Un terreno era disseminato di cadaveri, senza sangue, senza grida.

Il 10 settembre del 1943 nel vecchio formicaio sotto al tiglio era in atto un feroce combattimento tra le formiche nere che da sempre lo abitavano e altre più piccole rosse. Marta passando di lì con un grosso innaffiatoio si fermò a guardare. Pareva quasi di sentire il clangore della battaglia, di mandibole che cozzavano, si serravano tranciando teste, addomi, altre mandibole.

Le piccole erano molto aggressive, attaccavano il nemico imponendosi grazie a una migliore strategia di combattimento, portavano scompiglio fra le formiche autoctone che difendevano eroicamente l’ingresso del formicaio, ma in modo scomposto. Da alcuni ingressi secondari uscivano file di formiche che tentavano di mettere in salvo le pupe, ma anche quelle venivano attaccate dagli aggressori che uccidevano adulti e progenie.

Dopo pochi minuti il terreno era disseminato di cadaveri, non c’era sangue però, non si sentivano grida, agli occhi di Marta la scena appariva piuttosto asettica.

A momenti le formiche nere riprendevano il controllo, ma le altre arrivavano sempre più numerose, assediando il formicaio senza lasciare scampo.
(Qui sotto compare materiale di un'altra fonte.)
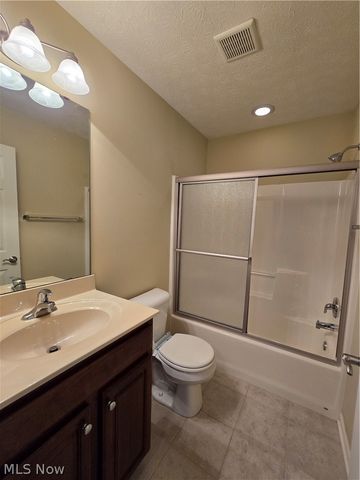 5345 Lake Forest Reserve Lane, Brunswick Hills, OH 44212
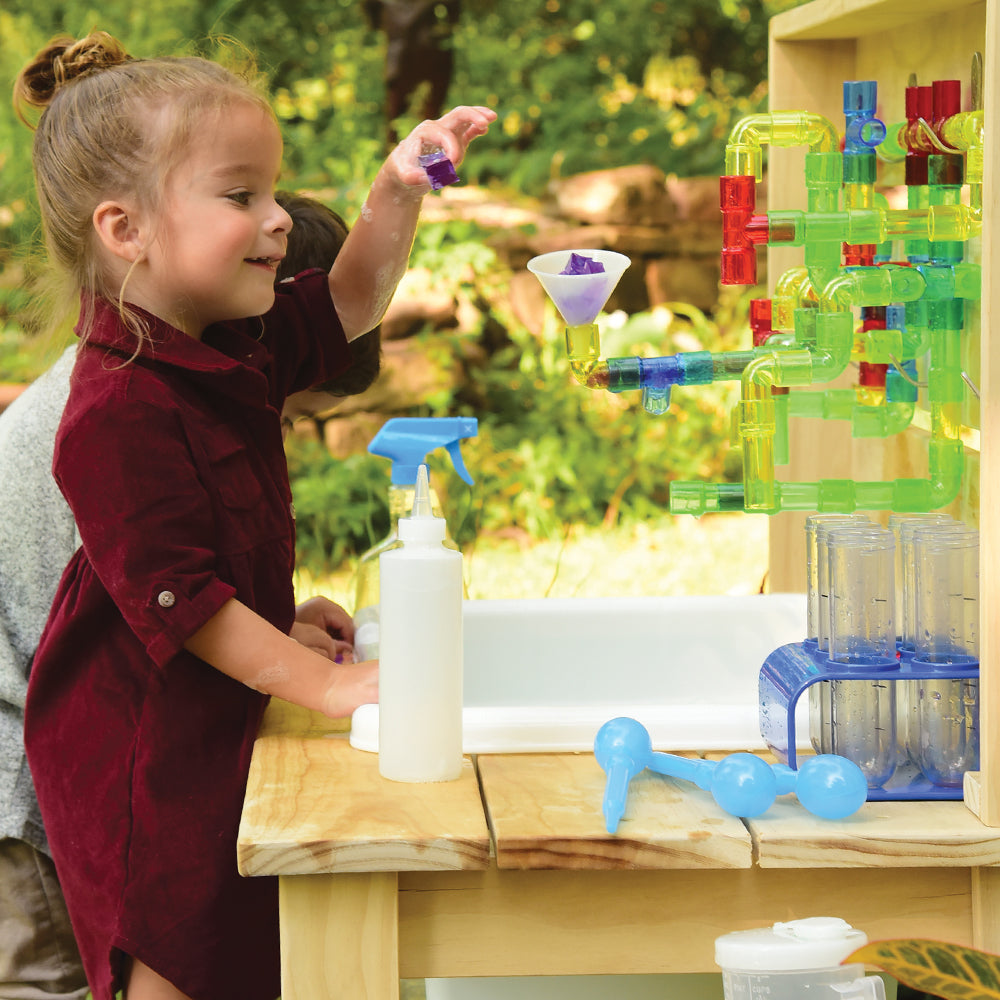 Early STEM Learning with Sensory Mud Kitchen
Marta vide una formica nera lottare strenuamente contro tre più piccole che l’attaccavano simultaneamente. Con le grosse chele riusciva a tenerne a bada due e, quando la terza da dietro le staccò metà di una zampa, con uno scatto repentino del capo si girò scagliando le due lontano e brandendo le chele verso l’altra, riuscì a ghermirle la testa staccandogliela di netto. Attaccata nuovamente, anche con una zampetta di meno, tentava ancora di difendersi, era forte e determinata. Ma quando ad attaccarla furono quattro, forse cinque formiche decise a eliminare quell’ostacolo, si lasciò sopraffare.

Marta avrebbe voluto intervenire in favore del vecchio formicaio, ma continuava a guardare la battaglia senza riuscire a fare nulla. Quando però alcune rosse particolarmente aggressive salirono sulle sue caviglie e cominciarono a morderla, decise di svuotare tutta l’acqua sul terreno. Sapeva che anche tante formiche nere sarebbero morte, ma le rosse, seppure fossero riuscite a salvarsi, si sarebbero dovute allontanare mettendo così il formicaio momentaneamente al riparo e dando il tempo alla colonia nera di riorganizzarsi per recuperare le forze.

Inondò le radici del tiglio con un getto violento, vide gli insetti aggrappati gli uni agli altri trascinati via. Le sembrò di riconoscere la formica guerriera, con le zampe ritratte, galleggiare via insieme alle nemiche, allora si chinò, le avvicinò un bastoncino sperando che ci si aggrappasse, ma si rese conto che tutte le formiche avevano le zampe ritratte, erano rannicchiate nell’estremo tentativo di proteggersi e le tornò in mente lei bambina, in cantina, nella risega dietro all’armadio, seduta in terra con le braccia che stringevano le gambe e la testa fra le ginocchia.

Ormai l’ingresso del formicaio era indistinguibile, intorno la devastazione dell’alluvione: più nulla di vivo si muoveva sul terreno. Marta rientrò in casa con l’inquietante sensazione che qualcos’altro di tremendo stesse accadendo a Roma.